A sample of 26 randomly selected college students at a large university reports
ID: 3053999 • Letter: A
Question
A sample of 26 randomly selected college students at a large university reports getting an average of 5.8 hours of sleep last night with a standard deviation of 2.12 hours. Assume that the sample is normally distributed.
A. Verify that it is reasonable to use the t-distribution to perform the necessary calculations of the confidence interval and significance test for the average amount of sleep students at this university got last night.
B. Create a sampling distribution of all samples with size 26 college students based of your sample.
C. Determine the probability that a sample of size 26 college students will be less than 3 hours of sleep on the previous night.
D. Construct a 96% confidence interval for the average amount of sleep students at this university got last night.
E. According to the school paper, the typical college student at this university gets 6.85 hours of sleep.
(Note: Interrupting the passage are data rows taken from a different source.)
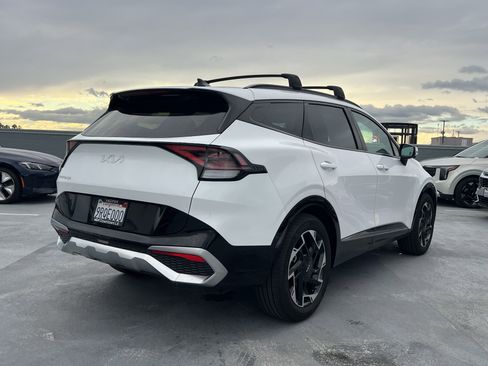 Certified 2024 Kia Sportage SX image 6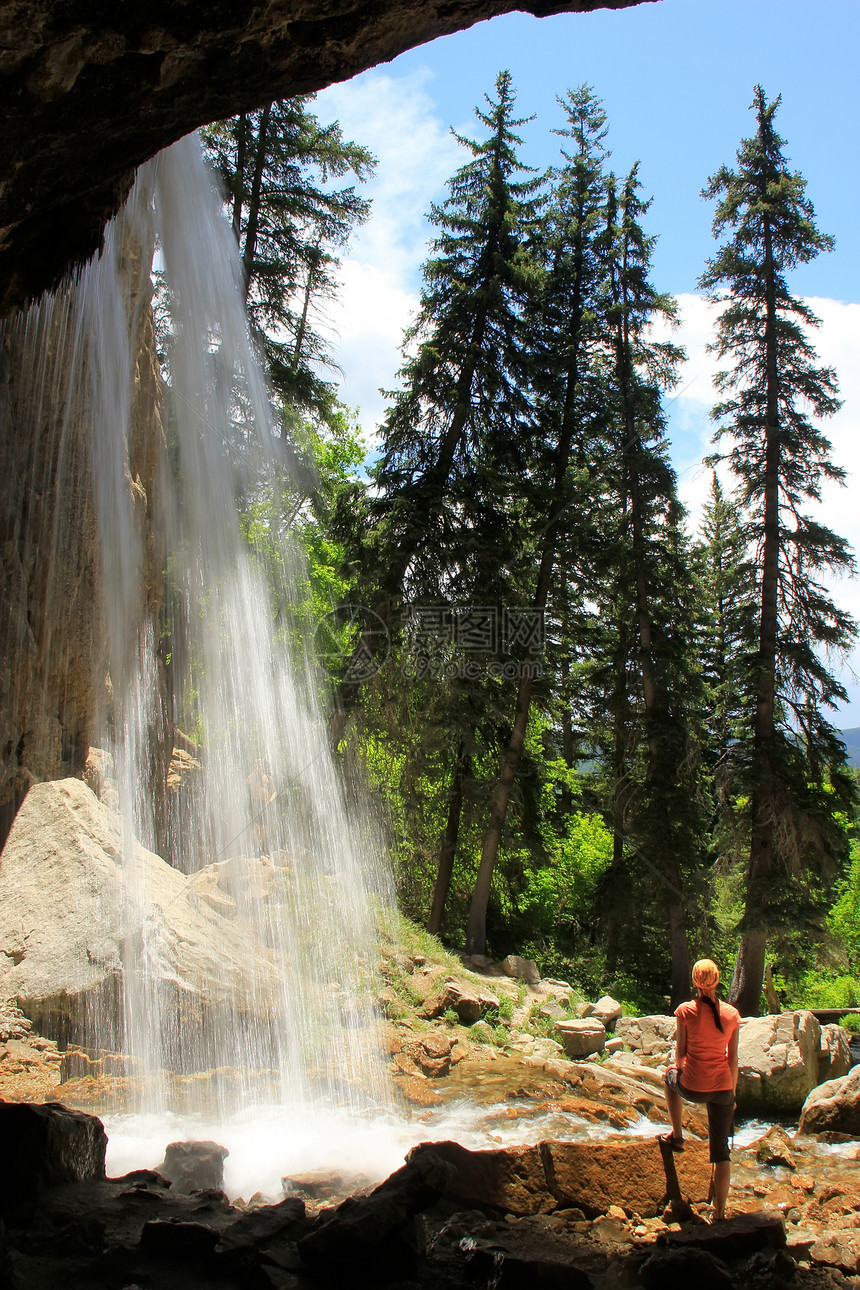科罗拉多州格伦伍德峡谷湖湖瀑布日志游客岩石森林盆地荒野女士峡谷洞穴图片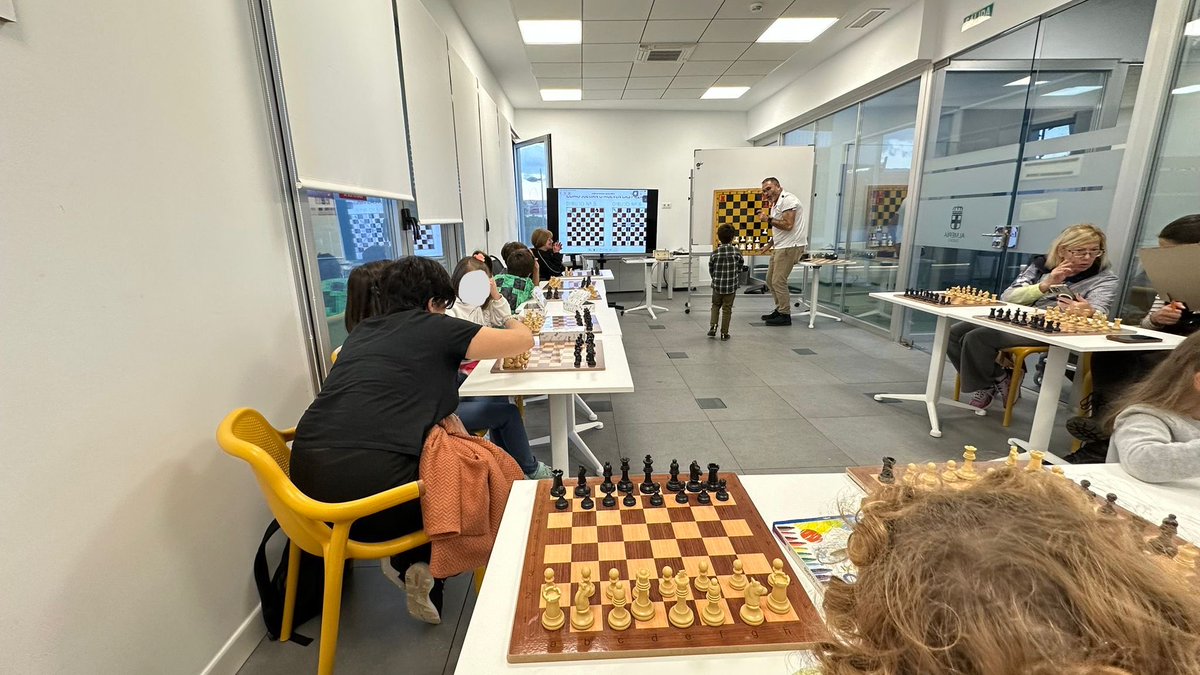 En Almería, la juventud sorda escribe el futuro del ajedrez con sus propias manos 🤟♟️
Ayer brillaron concentración, talento y ganas de más.  ya preparamos nuevos talleres .
Actividad realizada con el apoyo del <a href="/aytoalm/">Ayuntamiento de Almería</a> y <a href="/AlmeriaJunta/">AlmeríaJunta</a>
Test at the 10% significance level that the population of university students is significantly different than the reported amount from the school paper based from the sample data.
Explanation / Answer
Answer to the question is as follows:
n = 26, Xbar = 5.8, s= 2.12
A. Yes, it is reasonable to assume this.
Since the n<30 and we have the sample' deviation and not the population deviation it is safe to assume the t-distribution.
B. Sampling distribution will be ~t(5.8, 2.12/sqrt(26) in the form of ~t(Xbar, s/sqrt(n))
C. P(Xbar<3) = P(Z< (3-5.8)/(2.12/sqrt(26)) = P(Z<-6.74) = ~0
D. 96% interval is :
Xbar+/-t*s/sqrt(n) = 3+/- 2.485*2.12/sqrt(26) = 1.967 to 4.033
E. Xbar = 6.85
t = (6.85-5.8)/(2.12/sqrt(26)) = 2.526
Since this is more than the critical value of 1.708 at df of 26-1=25, we conclude that we reject Ho.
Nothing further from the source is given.